Sacral pain is intermittent and occurs after concerts where standing is maintained for a long time. The hip pain has been almost constant for over a month.

In our questionnaire, we learned that:

– Our patient has had recurrent cystitis for several years;
– Amenorrhea for 2 years, detected during an endocrinological investigation;
– His diet is impeccable, excellent hygiene;
– She feels heaviness in the left lower limb, pain sometimes increased by coughing, if already present;
– Fall on his buttocks in his late teens, X-ray negative;
– Some car accidents (1985, 1987, 1993).

During our objective assessment we became aware of the following problems:

  • Compression L5-S1
  • Spinal curvatures are compressed, the whole spine seems rigid
  • Left obturator membrane tension
  • Normal flexion-abduction-rotation (Faber) test
  • Increased pain in internal rotation of the left hip
  • Diaphragm: rather low domes
  • Tendency to general abdominal ptosis
  • Liver in anterior tilt
  • Tension of the mesentery root
  • Sigmoid pressed against the iliac fossa
  • Kidneys: left in 3rd degree ptosis, right in 1st degree
  • Compression C0 on C1
  • Physiological low SSB strain, very little general cranial amplitude

The first part of the treatment consists of restoring vitality to the client, i.e., reactivating the cranio-sacral system which is responsible for neuro-hormonal balance. The first osteopathic principle implies that the body has the capacity for self-healing and one of the main balancing functions of the body’s internal environment with the external environment are the cranial nerves and hormones. The neuro-hormonal axis is ensured by the movement of the sphenoid and the occiput and via the dura mater, the sacrum. The purpose is to stimulate the pituitary gland in the sella turcica of the sphenoid to secrete hormones.

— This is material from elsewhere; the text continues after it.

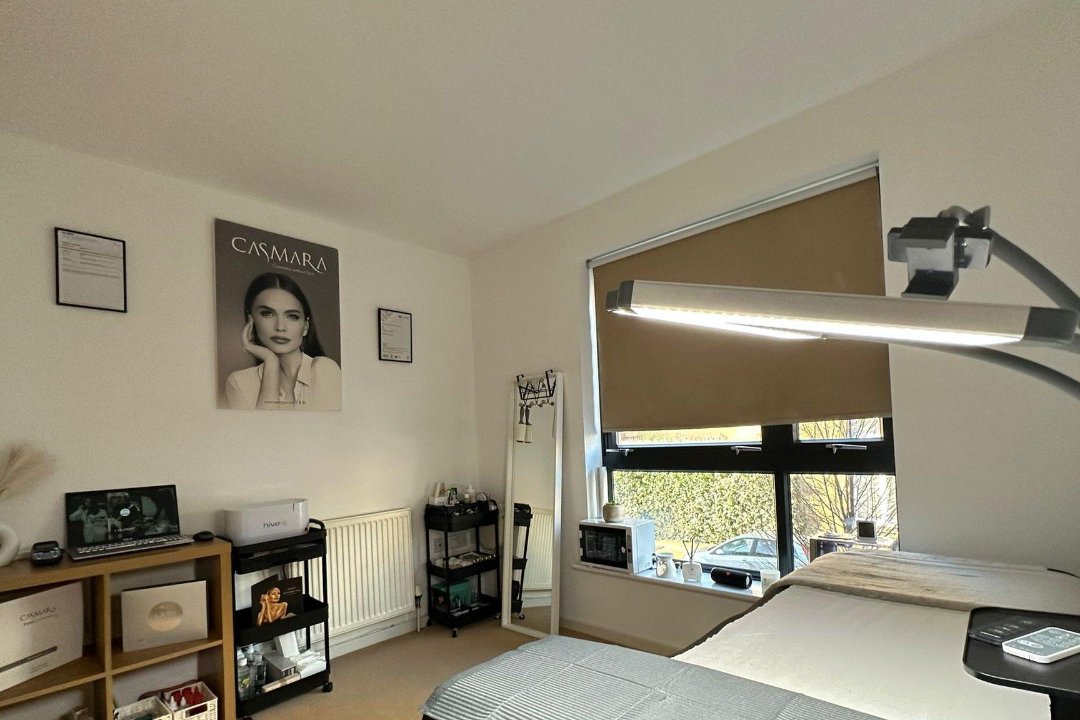 A Beauty, Westferry, London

At the same time, decompression of L5-S1 will relieve this patient’s sacral pain and improve mobility of the sacrum and lumbar spine. This pain is also caused by 3rd degree ptosis of the left kidney. First of all, we must treat the pillars of the diaphragm because they are in direct contact with the kidneys and promote better mobility. The FABER test indicates that bursitis, capsulitis, or arthritis is unlikely. Finally, we completed the treatment with a mobilization of the left obturator membrane and the bladder, these two structures are connected via the pre-vesical fascia.